Data to examine:
**********

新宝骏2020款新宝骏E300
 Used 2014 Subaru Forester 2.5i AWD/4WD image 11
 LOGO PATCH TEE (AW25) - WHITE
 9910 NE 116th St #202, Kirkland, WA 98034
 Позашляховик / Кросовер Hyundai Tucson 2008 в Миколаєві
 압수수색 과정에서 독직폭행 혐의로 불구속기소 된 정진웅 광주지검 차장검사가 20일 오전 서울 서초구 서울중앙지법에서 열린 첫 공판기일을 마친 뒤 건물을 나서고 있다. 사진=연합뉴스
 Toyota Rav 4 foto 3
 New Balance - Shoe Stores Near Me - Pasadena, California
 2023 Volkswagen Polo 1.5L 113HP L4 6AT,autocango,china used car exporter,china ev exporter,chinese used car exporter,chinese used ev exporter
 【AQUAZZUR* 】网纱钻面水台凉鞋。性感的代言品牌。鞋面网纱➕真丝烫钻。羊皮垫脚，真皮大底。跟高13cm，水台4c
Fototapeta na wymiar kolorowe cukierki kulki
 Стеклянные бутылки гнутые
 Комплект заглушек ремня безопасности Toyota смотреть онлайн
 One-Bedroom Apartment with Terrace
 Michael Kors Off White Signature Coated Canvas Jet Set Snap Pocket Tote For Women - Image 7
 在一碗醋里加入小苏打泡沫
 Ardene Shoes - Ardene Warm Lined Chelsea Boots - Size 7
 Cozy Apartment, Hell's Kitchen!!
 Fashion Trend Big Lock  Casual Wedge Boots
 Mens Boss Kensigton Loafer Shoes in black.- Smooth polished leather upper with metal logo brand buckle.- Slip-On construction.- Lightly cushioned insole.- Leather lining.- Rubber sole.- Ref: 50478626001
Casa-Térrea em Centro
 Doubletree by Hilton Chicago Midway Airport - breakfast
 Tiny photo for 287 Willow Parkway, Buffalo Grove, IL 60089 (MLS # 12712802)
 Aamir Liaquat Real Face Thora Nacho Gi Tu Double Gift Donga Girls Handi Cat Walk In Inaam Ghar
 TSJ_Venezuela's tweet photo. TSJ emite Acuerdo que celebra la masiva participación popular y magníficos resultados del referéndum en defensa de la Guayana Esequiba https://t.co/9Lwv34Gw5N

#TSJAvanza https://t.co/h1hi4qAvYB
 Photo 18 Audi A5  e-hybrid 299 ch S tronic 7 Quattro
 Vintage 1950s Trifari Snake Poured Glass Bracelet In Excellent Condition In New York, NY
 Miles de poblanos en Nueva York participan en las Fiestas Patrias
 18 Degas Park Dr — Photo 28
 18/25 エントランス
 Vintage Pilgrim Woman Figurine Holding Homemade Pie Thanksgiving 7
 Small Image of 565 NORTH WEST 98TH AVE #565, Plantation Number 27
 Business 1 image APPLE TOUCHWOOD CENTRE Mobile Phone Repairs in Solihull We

**********

Your assignment:
The output should be exactly the lines above from the line containing "Cozy Apartment, Hell's Kitchen!!" to the line containing "#TSJAvanza https://t.co/h1hi4qAvYB", inclusive, with no other lines.

Written reply:
 Cozy Apartment, Hell's Kitchen!!
 Fashion Trend Big Lock  Casual Wedge Boots
 Mens Boss Kensigton Loafer Shoes in black.- Smooth polished leather upper with metal logo brand buckle.- Slip-On construction.- Lightly cushioned insole.- Leather lining.- Rubber sole.- Ref: 50478626001
Casa-Térrea em Centro
 Doubletree by Hilton Chicago Midway Airport - breakfast
 Tiny photo for 287 Willow Parkway, Buffalo Grove, IL 60089 (MLS # 12712802)
 Aamir Liaquat Real Face Thora Nacho Gi Tu Double Gift Donga Girls Handi Cat Walk In Inaam Ghar
 TSJ_Venezuela's tweet photo. TSJ emite Acuerdo que celebra la masiva participación popular y magníficos resultados del referéndum en defensa de la Guayana Esequiba https://t.co/9Lwv34Gw5N

#TSJAvanza https://t.co/h1hi4qAvYB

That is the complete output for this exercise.